Free-market house prices experienced their first quarterly increase in late 2014, according to figures released by the Public Works Ministry on Thursday. There had not been an uptick in the market since early 2008.
Prices rose 0.5% in Spain as a whole thanks primarily to a surge in demand for existing homes, which now represent nearly two thirds of sales.
The value of existing homes grew 0.2% from the previous quarter, while the price of new homes retreated 0.1%.
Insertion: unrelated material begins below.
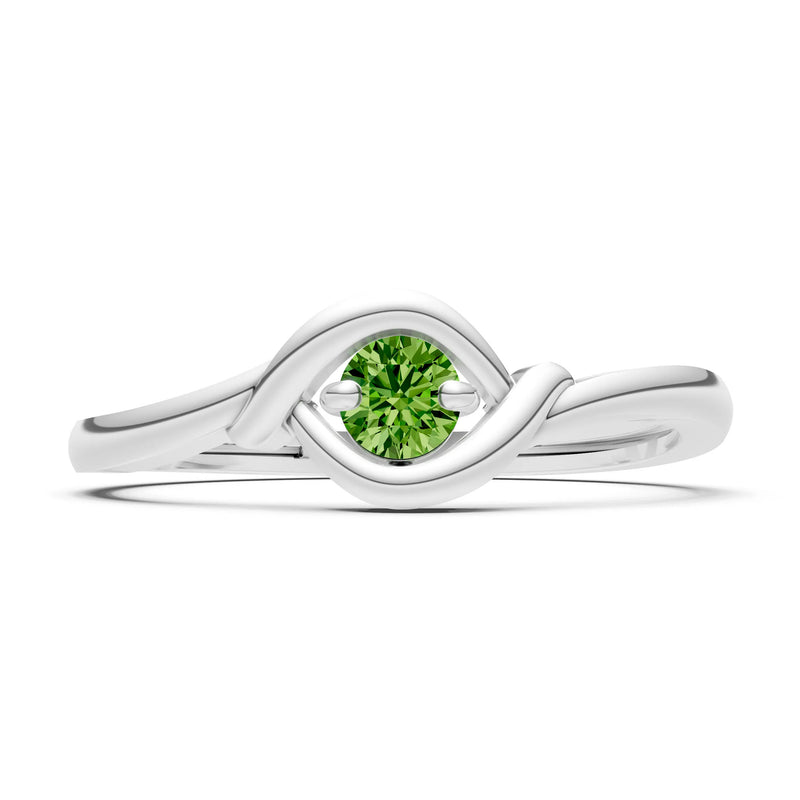 Wrap Solitaire Lunara Curve Ring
Improved conditions can also be felt in the rise in housing start licenses, which numbered 34,873 in 2014, a 1.7% increase from the previous year that ends a seven-year downward trend.
The Public Works Ministry said the decline in prices that began in 2008 and reached 9.8% in 2012 had "practically come to an end."
But official numbers show that homes lost 31% of their value during the prolonged economic crisis (or nearly 37% in real terms, after factoring in inflation).
The General Price Index, which also includes subsidized housing, shows that seven Spanish regions ended 2014 with higher prices than in 2013.
These are Cantabria (+3.6%), the Balearic Islands (+2.3%), the Canary Islands (+0.5%), Valencia (+0.5%), Madrid (+0.4%) and Andalusia (+0.1 %).
Prices remained stationary in Extremadura and continued to drop in Asturias (-5.2%), Castilla y León (-3.6%) and Castilla-La Mancha (-3.2%).
The most expensive city in Spain continues to be the Basque coastal town of San Sebastián, with an average price of €3,117 a square meter.